Christine Boisson’s ball of recoiling and opening-up drives the scene. Her physical anxiety contrasts with Maurice Garrel’s (no less affecting) containment. Like an elastic band, the couple approaches and detaches, furls and unfurls, embraces and lets go. The camera angle turns the open space into a charged field of entrapped affects, reducing the exterior setting to a narrow triangle where the characters are boxed-in (the house’s wall and the clothesline intersect, forming two of its visible sides; the third is an absence – the terrace’s missing railing – that, once noticed, adds a sense of menace to the scene). The distant and almost motionless camera set-up is in friction with the closeness of the sound and with the internal movements, both of the bodies and of the hanging garments.
Blown by the wind, a white sheet enters the frame, like a candle swelling and shrinking. Its hypnotic and unpredictable movements obliterate (sometimes partially, other times entirely) the action in the background. It is a spectacle of heightened, Epsteinian poetry that demands to be read under the lens of Jacques Rancière’s “thwarted fable”. For it is precisely this combat between background story and foreground excess, between the characters’ dramatic conflict and the object’s sensory inscription of its forms, that gives this passage its tension, its intensity, and its lyricism.

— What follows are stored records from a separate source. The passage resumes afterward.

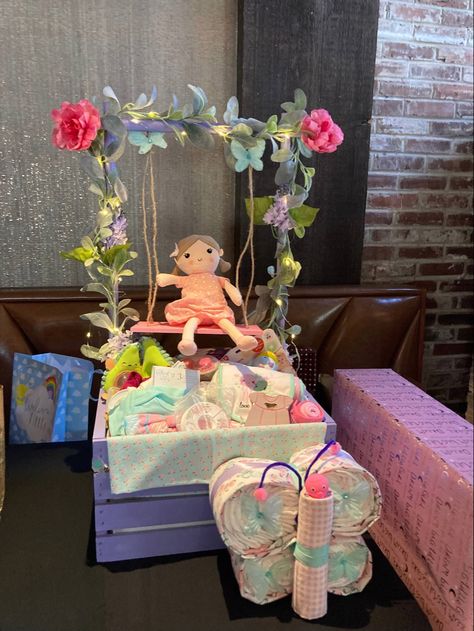 Lighted Flowers and Butterfly Theme with Receiving Blankets, Flowers, Lights, Doll on Swing, filled with gifts. Butterfly Gift Basket, Fairy Baby Showers, Bebe Shower, Girl Gift Baskets, Baby Shower Baskets, Baby Shower Gift Basket, Diy Baby Shower Gifts, Butterfly Baby Shower, Baby Gift Basket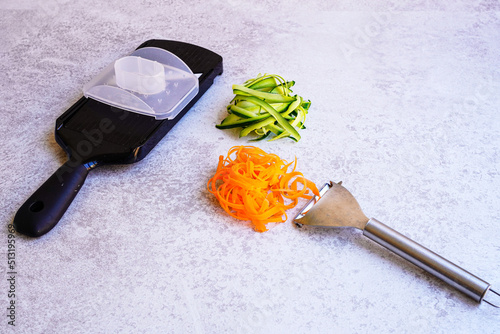 Vegetable slicer and peeler on white table  photo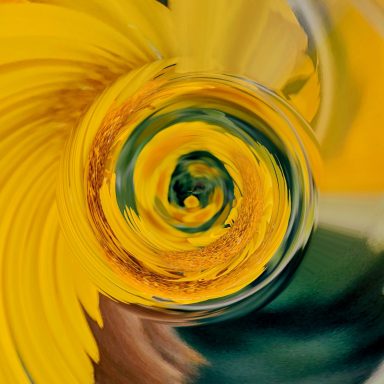 Abstract sunflower Abstract swirl of yellow and green hues, resembling a floral pattern.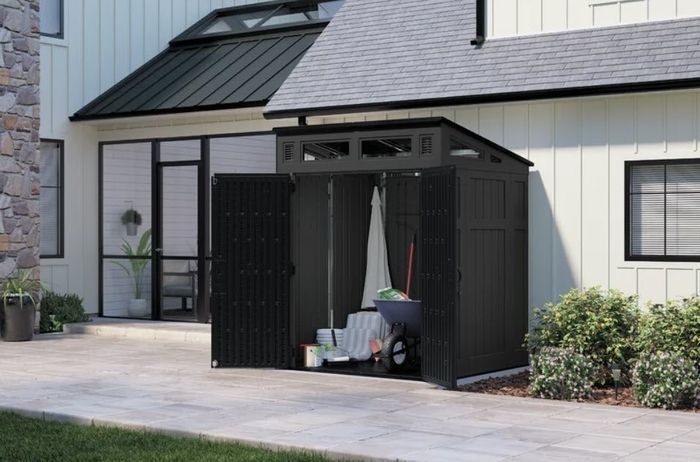 An outdoor storage shed with open double doors revealing gardening tools, buckets, and a hose inside. The shed is located next to a modern home featuring large windows and a patio.
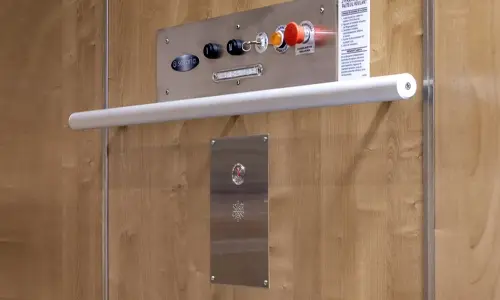 Stainless steel elevator control panel mounted on wood‑grain cab walls, featuring toggle switches, indicator lights, an emergency stop button, and a white horizontal handrail positioned below the controls.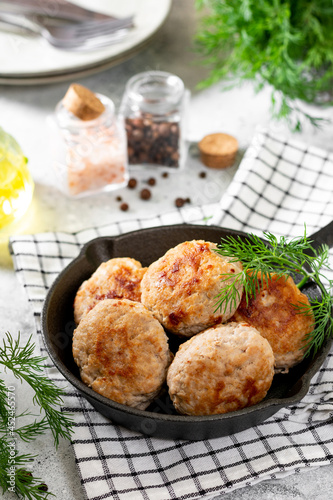 Turkey cutlets in a black frying pan on a light gray cooking table closeup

It is as if the cinema screen – the tense, expectant, white sheet – is revolting against its condition of mere support for the projected images. The backdrop comes to the fore as a tongue of fire, fluttering and flickering in violent whips, spitting and splattering white strokes. White of the origins that, in its liberated movement, threatens to tear apart the scene and cut open the very unfolding of the narrative – extinguishing the film, like a burn-hole in a strip of celluloid.